→ Instructions for the task
Restate exactly the lines below, from the one containing "5 3/4 5.75 นิ้วไฟหน้า" through the final line, and leave out the pictures.

[Provided data — start]

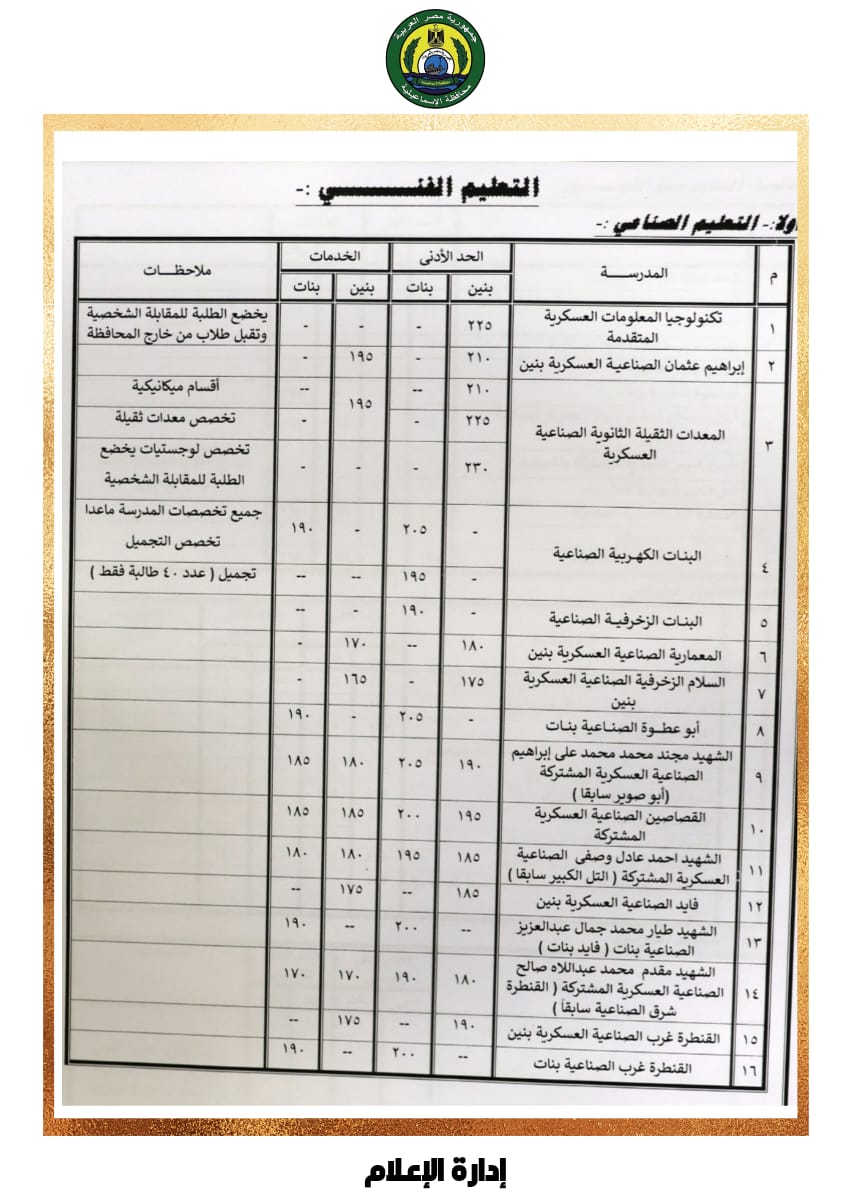 النتيجة بعد اعتماد المحافظ (4)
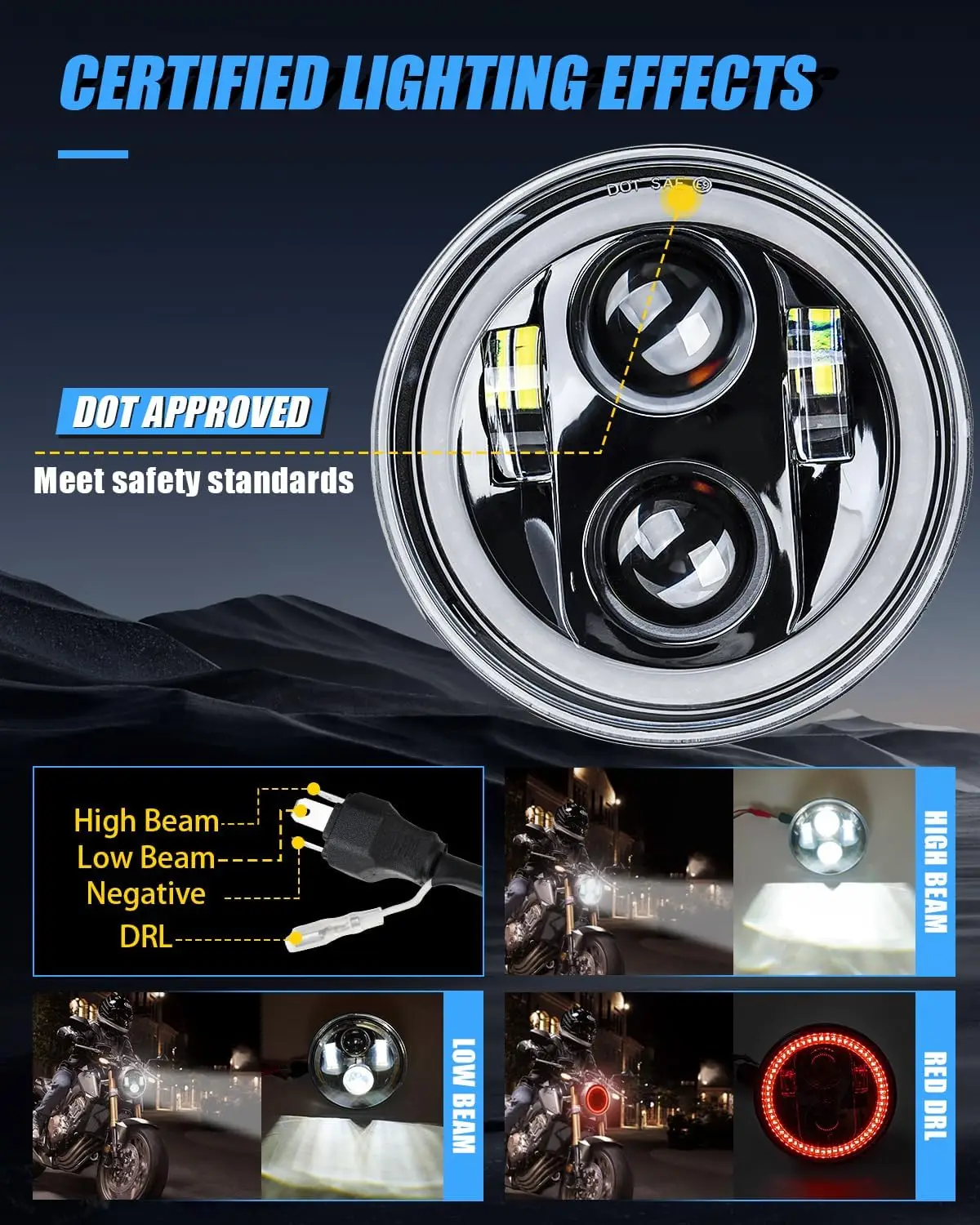 5 3/4 5.75 นิ้วไฟหน้า LED สีแดงสําหรับรถจักรยานยนต์ EMC ใช้งานร่วมกับเหล็ก 883 Dyna Street BOB Super Wide Glide LOW Rider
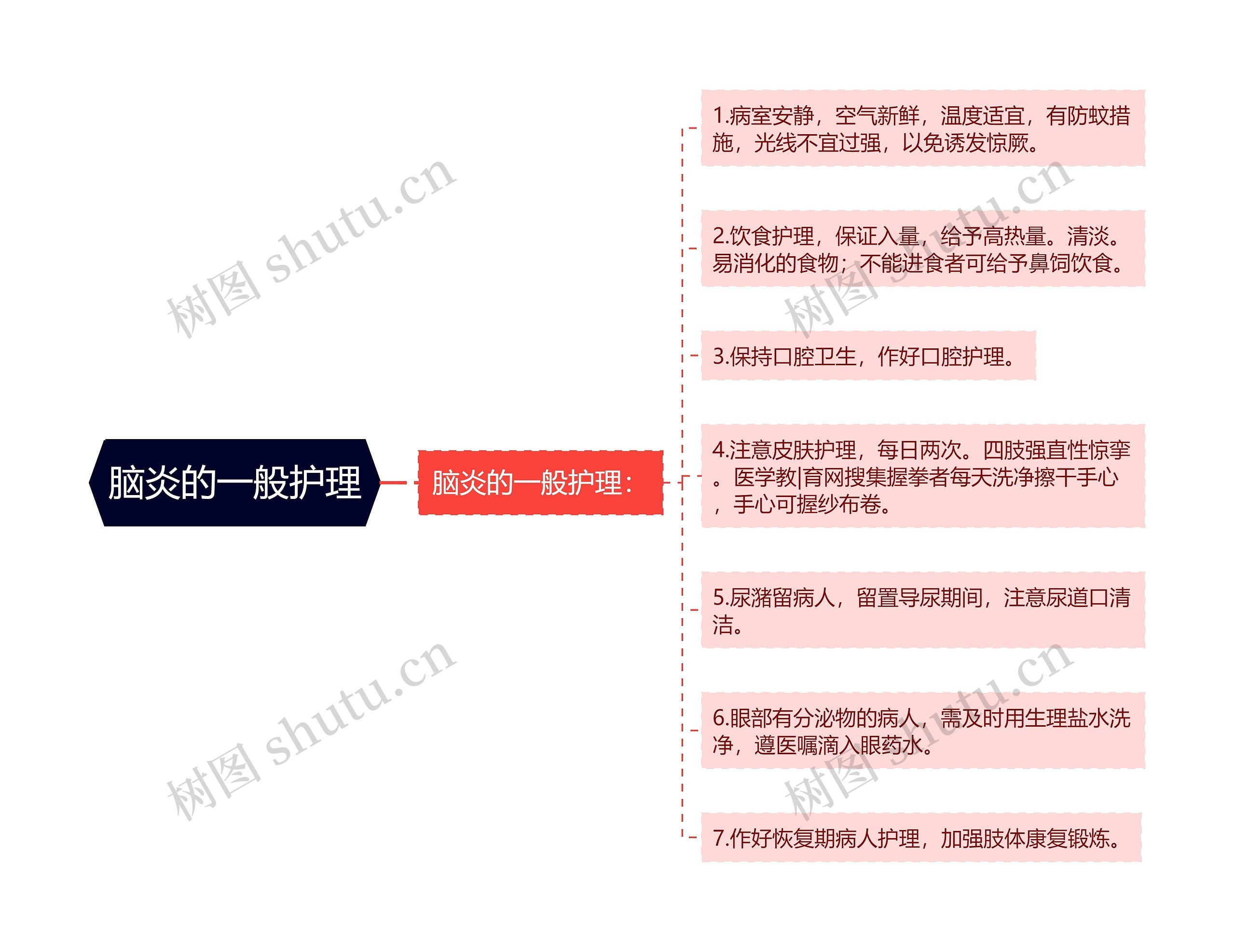 脑炎的一般护理思维导图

[Provided data — finish]

→ Result
 5 3/4 5.75 นิ้วไฟหน้า LED สีแดงสําหรับรถจักรยานยนต์ EMC ใช้งานร่วมกับเหล็ก 883 Dyna Street BOB Super Wide Glide LOW Rider
 脑炎的一般护理思维导图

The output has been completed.